Hi all,
Here's some background detail to kick things off:
I am faced with the following error: "Error in FileYXDBStreaming:: :Read - Unexpected number of bytes" when Alteryx tries to process the .yxdb file (mentioned above) in my workflow.
Is there a maximum file size my local machine can handle? If so, is it based on RAM (I have 16gb)? I am keen to hear any suggestions on how to resolve this issue (preferring not to rerun Part 1 of the background given above, as this was a very time-consuming process).
Thanks for any advice you can provide.
Kind regards,
Ben
That's quite the Forest you have there. I've never seen a model object that large before, but yxdbs can be huge (I wrote a 160GB yxdb yesterday).
Just to make sure, you saved off the model object from the Forest Model tool ("O" output achor) as a 843MG yxdb file. you then Input that yxdb and connected it to the "M" connection on the Score tool and the data stream in the "D" input on the Score tool? And you verified the data going into the Score tool has the same field schema as the training set?

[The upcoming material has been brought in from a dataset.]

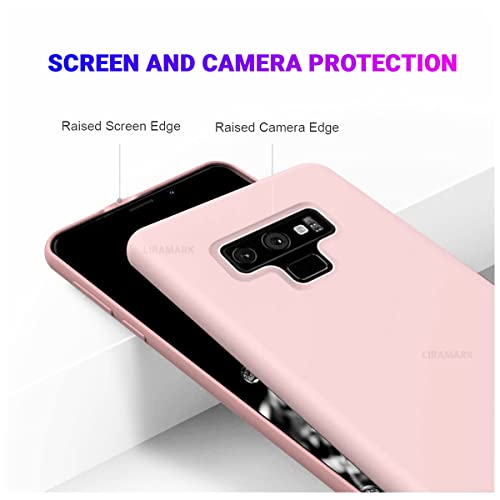 Image of LIRAMARK Liquid Silicone Soft Back Cover Case for Samsung Galaxy Note 9 (Pink)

As the next troubleshooting step, I would try would be to verify there's not an issues with the saved model object or data stream differences. Instead of saving the model and scoring in a different workflow, test to see if you can Score the Forest Model right after training it (yes that means re-running it). So in the same workflow where you train the Forest model, add the Score tool and connect the model object directly, also use the same data input connection that goes into the Forest Model tool to feed the Score tool. If this works, then the next step I would take is to verify the data streams are the same in both applications.
Like this:
Now that being said, maybe you could start out with a limited sample set to make sure things are running as expected. This way you could avoid the 55 hour timeline while testing.
Hi Charlie,
Really appreciate the detailed response.
The first part of your confirmation statement is true, however, I input the yxdb file into the "D" input (within my larger flow), with my data to be score in the "M" input - should this be the other way around? The way you've structured your example workflow would indicate I have things connected the wrong way.. Lastly, I can confirm both the schema for both datasets is identical, so we shouldn't have any problems there.
Thanks again.
Kind regards,
Ben